YOUR GOAL: Within the listing below, give again exactly the lines between the one containing "MCM White Canvas Monogram Zip Pouch" and the one containing "Miniature Cadiz Inc.", inclusive, pictures left aside.

LISTED RECORDS:
● ● ● ● ●
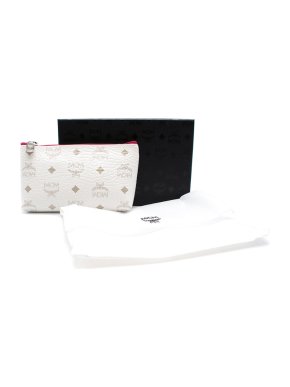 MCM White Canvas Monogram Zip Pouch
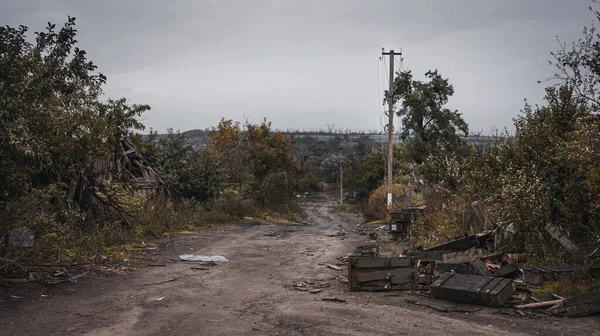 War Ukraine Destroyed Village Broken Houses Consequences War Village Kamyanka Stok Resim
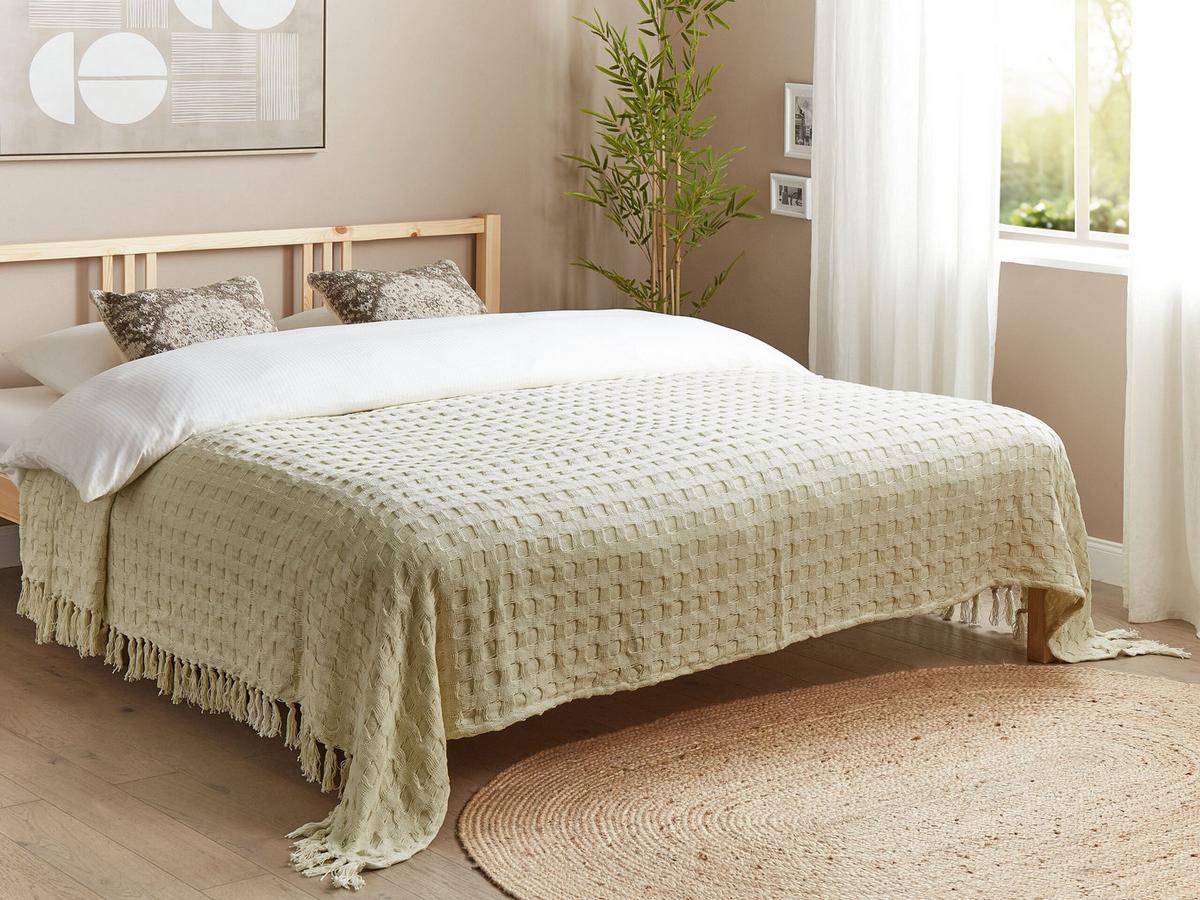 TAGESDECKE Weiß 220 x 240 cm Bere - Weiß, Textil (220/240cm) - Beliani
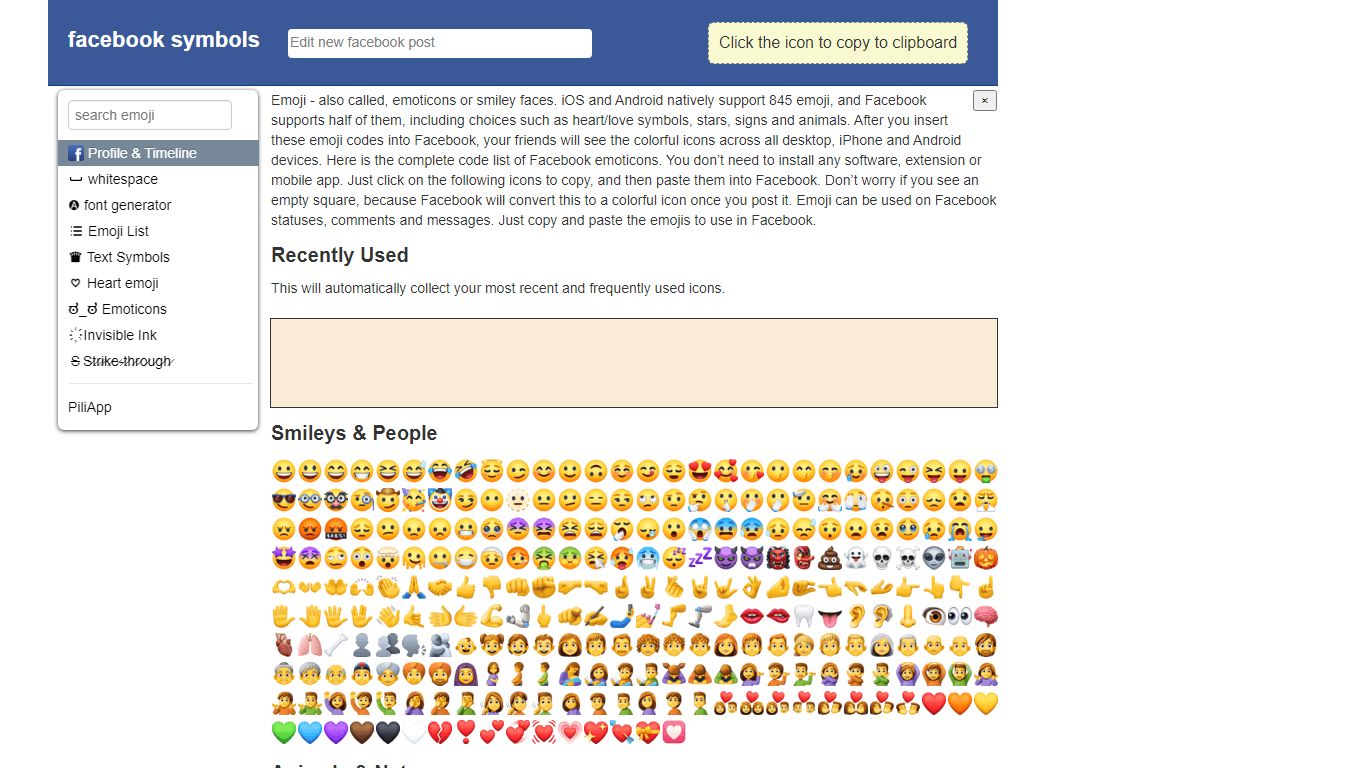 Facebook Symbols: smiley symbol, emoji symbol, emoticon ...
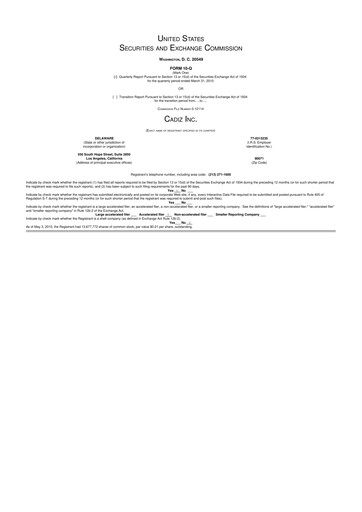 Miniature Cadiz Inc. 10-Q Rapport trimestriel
● ● ● ● ●
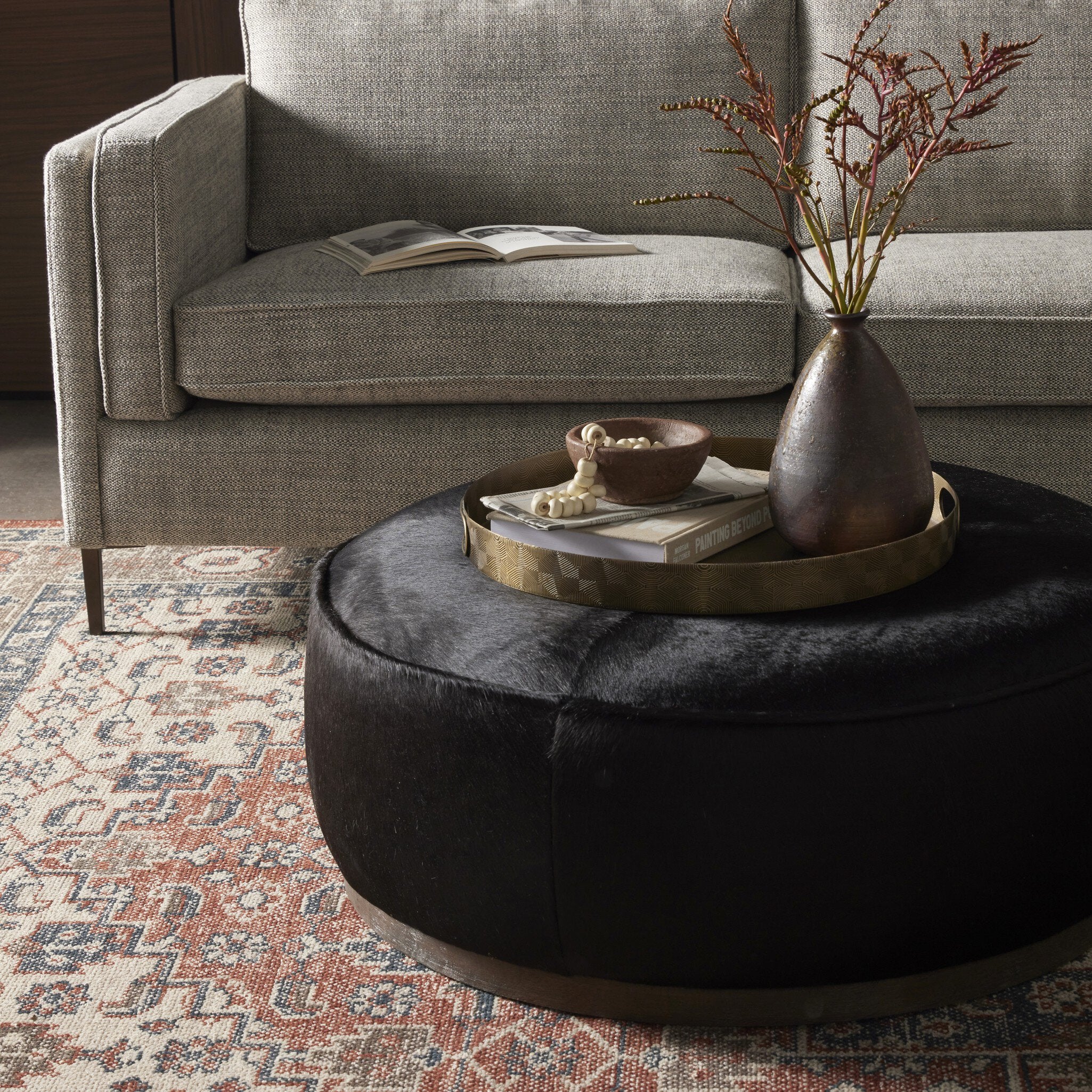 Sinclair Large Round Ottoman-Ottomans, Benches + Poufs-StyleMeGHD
● ● ● ● ●
THE COMPLETED TASK:
 MCM White Canvas Monogram Zip Pouch
 War Ukraine Destroyed Village Broken Houses Consequences War Village Kamyanka Stok Resim
 TAGESDECKE Weiß 220 x 240 cm Bere - Weiß, Textil (220/240cm) - Beliani
 Facebook Symbols: smiley symbol, emoji symbol, emoticon ...
 Miniature Cadiz Inc. 10-Q Rapport trimestriel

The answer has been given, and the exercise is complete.